Task prompt - Make an exact copy of the listing below. Pictures stay out of it.

Data below -
[Start of Attachment]

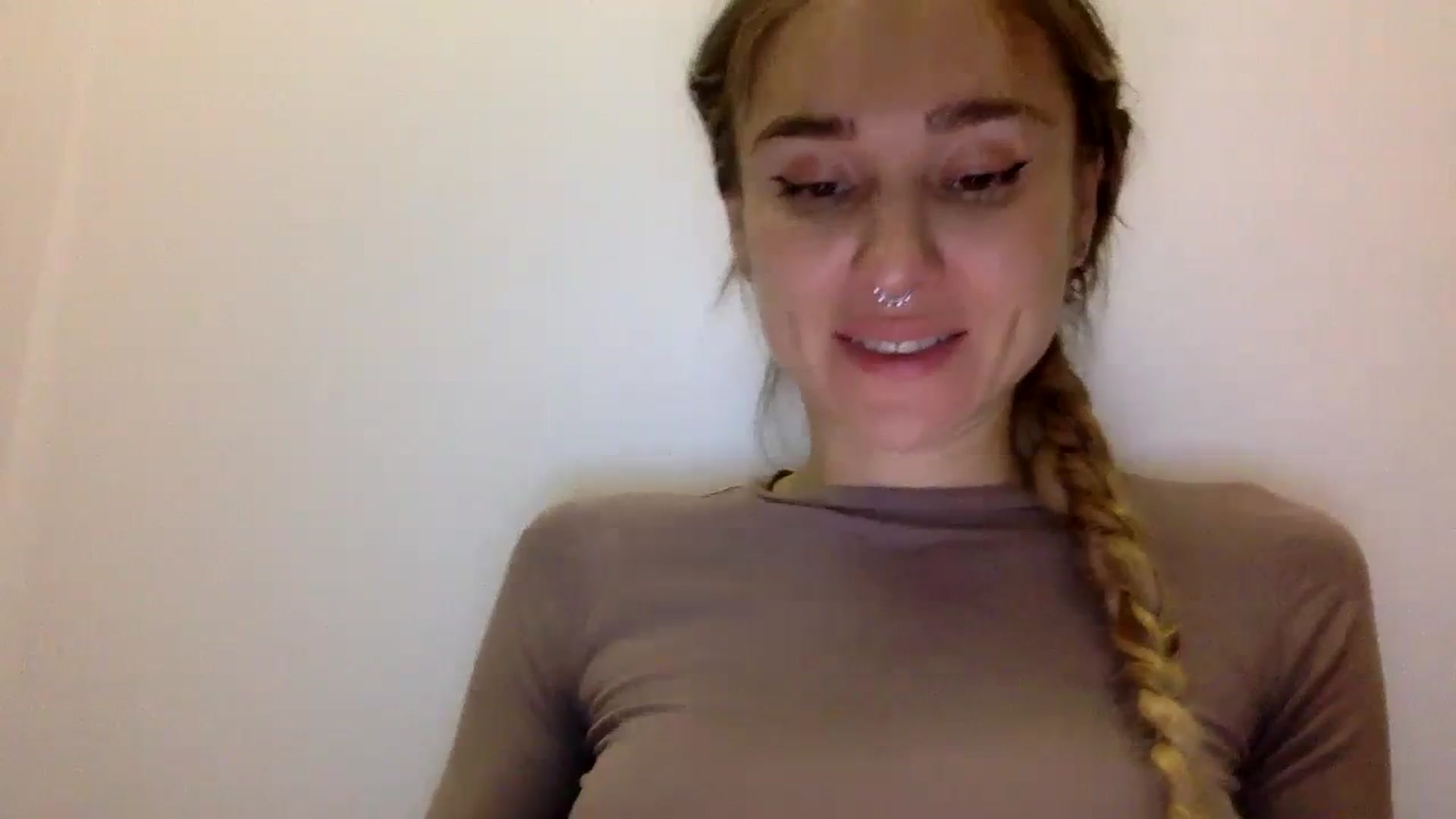 Gallery image thumbnail from KiraLovensee's myfreecams stream on, 11/03/2023, 13:57 image 16 of 20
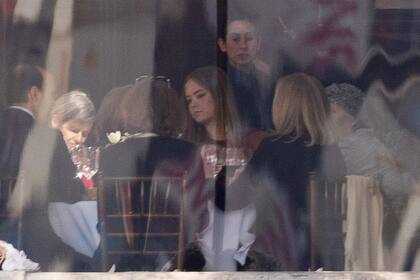 La princesa Ariane, la más chica de las hijas de Máxima, también estuvo presente en el almuerzo y ocupó una de las mesas dispuestas para ocho comensales.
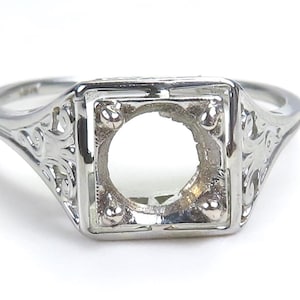 Antique Art Deco Setting Mounting 18K White Gold Hold 6.5 MM Ring Size 7.25 UK-O Circa 1920&#39;s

[End of Attachment]

Answer to the problem -
 Gallery image thumbnail from KiraLovensee's myfreecams stream on, 11/03/2023, 13:57 image 16 of 20
 La princesa Ariane, la más chica de las hijas de Máxima, también estuvo presente en el almuerzo y ocupó una de las mesas dispuestas para ocho comensales.
 Antique Art Deco Setting Mounting 18K White Gold Hold 6.5 MM Ring Size 7.25 UK-O Circa 1920&#39;s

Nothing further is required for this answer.